On x86 the MTTR/PAT mechanisms is what disables caching, write combining and enables write through to MMIO address ranges.
Yes it does replace the need for volatile. The actual access is done via assembly language, either inline (better) or not.
You could make volatile work, probably, by putting inline assembly both before and after it. In that case you could probably even skip marking things valatile, because the inline assembly will make the compiler behave. Why bother? This is more complicated than just doing the access from assembly.
MTRR/PAT is often not enough, or it would only be enough if you killed performance elsewhere. (different types of MMIO in the same page) It's also not something you can rely on if you want to write portable code.
Yes, you can use memory barriers for MMIO but you'd have to put them between every single statement that touches the MMIO address range. Not only will that bloat your code it would slow down access to all your regular variables as the compiler would have to reload everything constantly and the processor wouldn't be able to out of order anything.
Why do you think volatile won't work for MMIO with the proper MTRR/PAT setup?

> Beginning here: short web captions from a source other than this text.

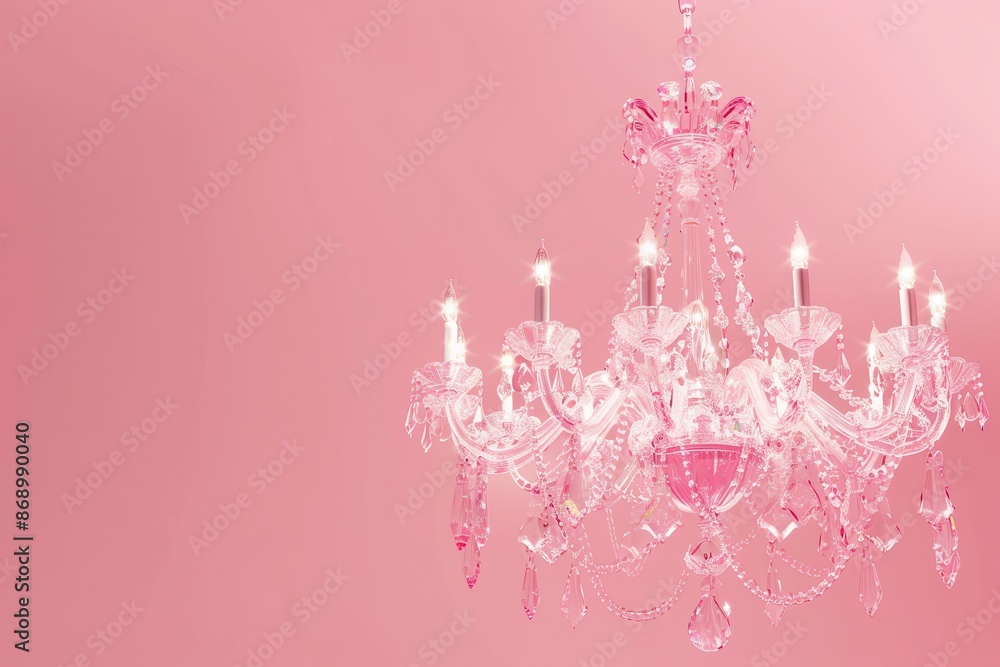 Fototapeta premium A chandelier with orange lights hanging from it
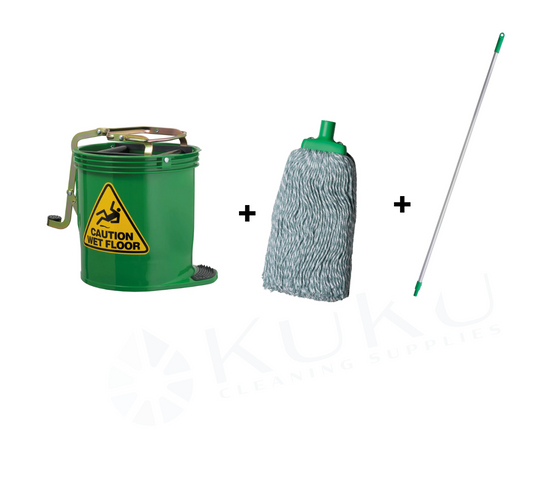 Oates® Contractor Mop Bucket Bundle with mop stick and head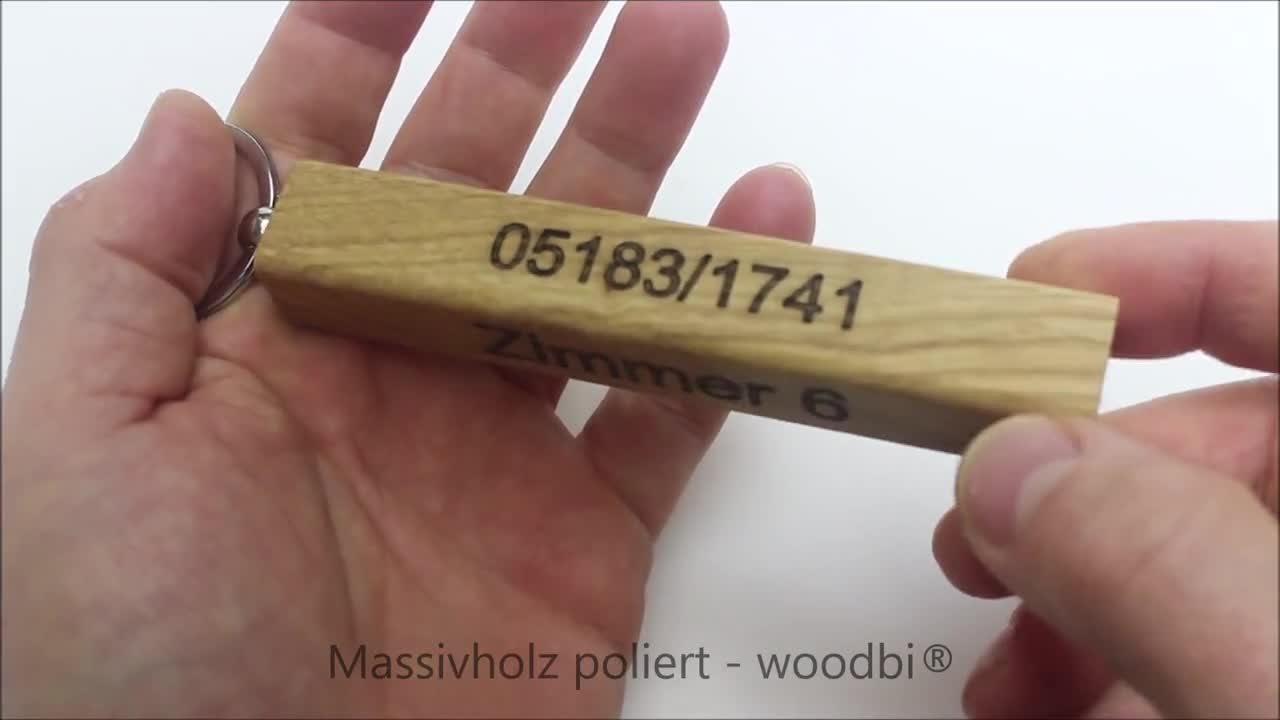 XXL Large Wooden Keychain Size Gym Shed Hotel Room Club Made in Germany 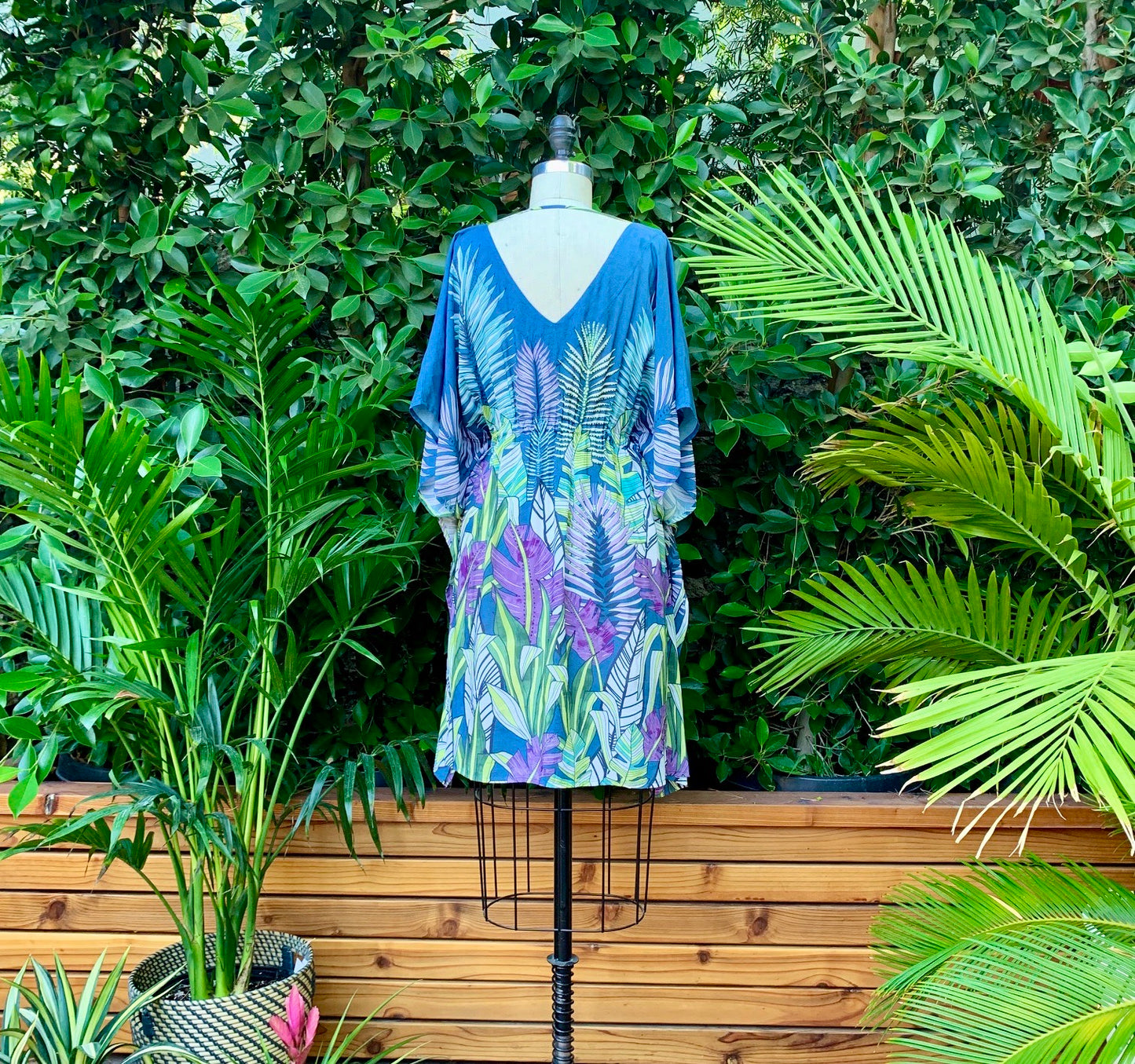 Midnight Flora Mini Kaftan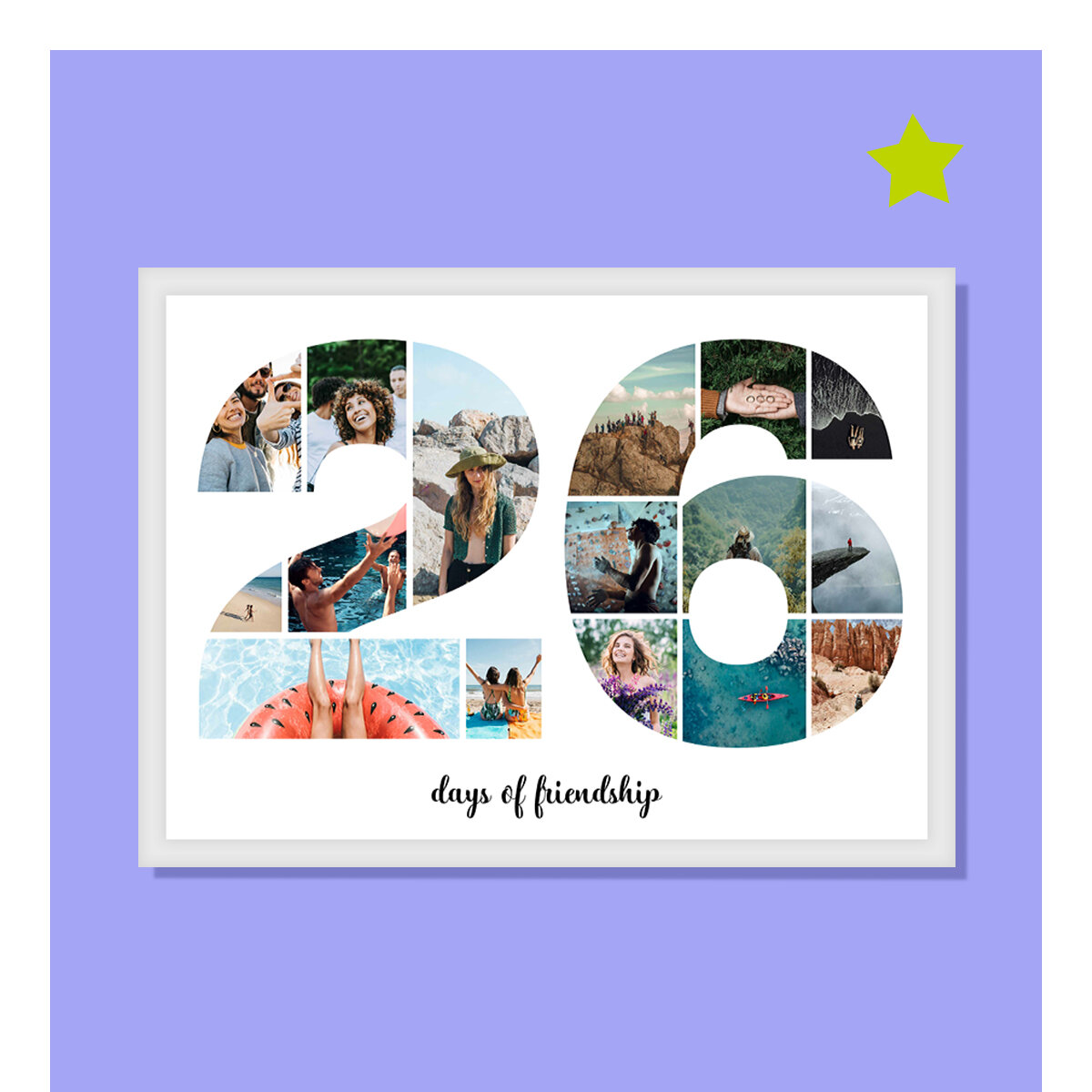 Személyre szabott festmények és keretek - születésnap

The volatile keeps the compiler for messing with the read/writes and the MTRR/PAT makes the processor perform all reads and writes exactly in the order the instructions tell it to without any caching or write combining.
"This is more complicated than just doing the access from assembly." and "It's also not something you can rely on if you want to write portable code." So in one paragraph you're telling me to do it in assembly and in another you want portable code.
The linux kernel has gone above and beyond using volatile but in embedded it's how IO is done when using C.
I make the assumption that you put the inline assembly in a macro. This keeps your C portable. The macro gets pulled in from a header file that is specific to the CPU.
MTRR/PAT won't save you, at least without a huge performance loss, when you want write combining (etc.) for most of the addresses in a page of address space but not all of them.
MTRR/PAT won't save you from reordering that happens in a PCI bridge. It's allowed and it is done.
We're into semantics here. Portable requiring a CPU shim vs portable not requiring one. More complicated cpu/bus interfaces require the first one but if you can just use volatile for IO as done in embedded work you get much smaller and/or faster code.
If a device has registers that are sensitive to multiple read/writes of the same address and ones that need caching and write combining for performance in the same 4K page then it was designed poorly. :)
PCI bridges need to support legacy mode. Otherwise DOS programs and drivers wouldn't run correctly. The BIOS sets up a compatibility MTRR setup for this reason and you can see the Linux kernel print it out on boot.
So I'm basically agreeing and disagreeing with you on this one. Once the hardware gets past a certain complexity you need to move from volatile to accessor functions/macros.
Volatile also tempts you to break the aliasing rules. If you find yourself casting pointers, you are probably violating the C standard. You'll need something like -fno-strict-aliasing to enable a non-standard C dialect.
It was memory used for a low latency system, didn't have locks even spinlocks. In that case it was manipulating data directly in shm and compiler was optimizating away access to data. What is the current/modern mechanism to ensure a stucture or flag won't be optimized away from shared memory mapped between two processes? Are access functions available in userspace libraries?
This means that the compiler is allowed to optimize
as if it said is incorrect. The clause about sequence points starts with "Futhermore, " so it is an additional restriction, and to boot it only talks about stores to the volatile-qualified object, not loads, so it is entirely inapplicable to this example.The prior clause saying "Therefore any expression referring to such an object shall be evaluated strictly according to the rules of the abstract machine, as described in 5.1.2.3." applies, and the rules of the abstract machine for the binary + operator are that each operand is evaluated (in an unspecified order). So both dereferences must be evaluated.